Please make sure that the load_checkpoint field in the yaml configuration file is configured with the correct path to the quantized network checkpoint file: /path/to/workspace/a8w8c8.ckpt before evaluating.

import numpy as np
import mindspore as ms
from mindspore.communication.management import init
from mindformers.core.metric import EmF1Metric
from mindformers import MindFormerConfig, AutoModel
from mindspore_gs.ptq.network_helpers.mf_net_helpers import MFParallelLlama2Helper
from mindspore_gs.datasets import get_datasets
from mindspore_gs.common import logger
from mindspore_gs.ptq.ptq import PTQ
from mindspore_gs.common import BackendTarget
from mindspore_gs.ptq import PTQMode, PTQConfig


config_path = '/path/to/workspace/predict_llama2_7b.yaml'
mf_config = MindFormerConfig(config_path)

ms.set_context(mode=mf_config.context.mode, device_target=mf_config.context.device_target,
                jit_config={"jit_level": "O0", "infer_boost": "on"})
init()
network = AutoModel.from_config(mf_config, download_checkpoint=False)
network.set_train(False)
network.phase = 'predict'

ptq_config = PTQConfig(mode=PTQMode.DEPLOY, backend=BackendTarget.ASCEND, opname_blacklist=["w2", "lm_head"],
                       weight_quant_dtype=ms.dtype.int8, act_quant_dtype=ms.dtype.int8, kvcache_quant_dtype=ms.dtype.int8)
ptq = PTQ(config=ptq_config)
ptq.apply(network)
ptq.convert(network)

ms.load_checkpoint(mf_config.load_checkpoint, network)

helper = MFParallelLlama2Helper(mf_config)
ds_path = '/path/to/squad/dev-v1.1.json'
bs_ = helper.get_spec('batch_size')
seq_ = helper.get_spec('seq_length')
max_decode_length = helper.get_spec('max_decode_length')
ignore_token_id = helper.get_spec('ignore_token_id')
top_k = helper.get_spec("top_k")
top_p = helper.get_spec("top_p")
do_sample = helper.get_spec("do_sample")
pad_token_id = helper.get_spec("pad_token_id")
tokenizer = helper.create_tokenizer()
ds = get_datasets('squad1.1', ds_path, "eval", bs_, seq_, max_decode_length, tokenizer, ignore_token_id, 1,
                  False, n_samples=1000)

metric = EmF1Metric()
metric.clear()

data_count = 0
total_count = ds.get_dataset_size()
for _, ds_item in enumerate(ds.create_dict_iterator()):
    data_count += 1
    logger.info(f"Dataset count: {data_count}/{total_count}")
    input_ids = ds_item['input_ids'].asnumpy()
    labels = ds_item['labels'].asnumpy()

    valid_length_each_example = []
    for j in range(input_ids.shape[0]):
        # As the nonzero returns the index and we need length
        valid_length_each_example.append(np.max(np.argwhere(input_ids[j] != pad_token_id)) + 1)
    valid_length_each_example = np.array(valid_length_each_example)

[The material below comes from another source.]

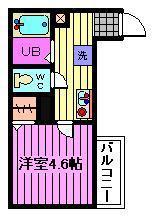 MELDIA北与野 V(1K/3階)の間取り写真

    outputs = network.generate(input_ids, do_sample=do_sample, max_length=seq_, top_p=top_p, top_k=top_k, max_new_tokens=200)
    output_ids = []
    for j in range(input_ids.shape[0]):
        output_ids.append(outputs[j][int(valid_length_each_example[j]):])

    pres_str = tokenizer.decode(output_ids, skip_special_tokens=True)
    labels_str = tokenizer.decode(labels, skip_special_tokens=True)
    metric.update(pres_str, labels_str)
metric.eval()

Step 4. Effect Analysis

Table 2: ParallelLlamaForCausalLM-7B network before and after A8W8C8 quantization using PTQ algorithm

Metrics	FP16	PTQ-A8W8C8	Benefits
ckpt-size(GB)↓	13	7.9	39.2%
F1↓	33%	32%	-1%
EM↓	0	0	-

It can be seen that after A8W8C8 quantization by the PTQ algorithm:

The number of parameters in the quantized network shrinks by 39.2%, i.e., the network is deployed with the static memory footprint dropping to 60.8% of what it was at Float16. The quantized network can thus be deployed on more resource-constrained environments or provide greater throughput in the same environment.
The F1 of the quantized network on the squad1.1 dataset decreased by 1%, i.e., the quantized network was slightly less effective on the discriminative task on the squad1.1 dataset.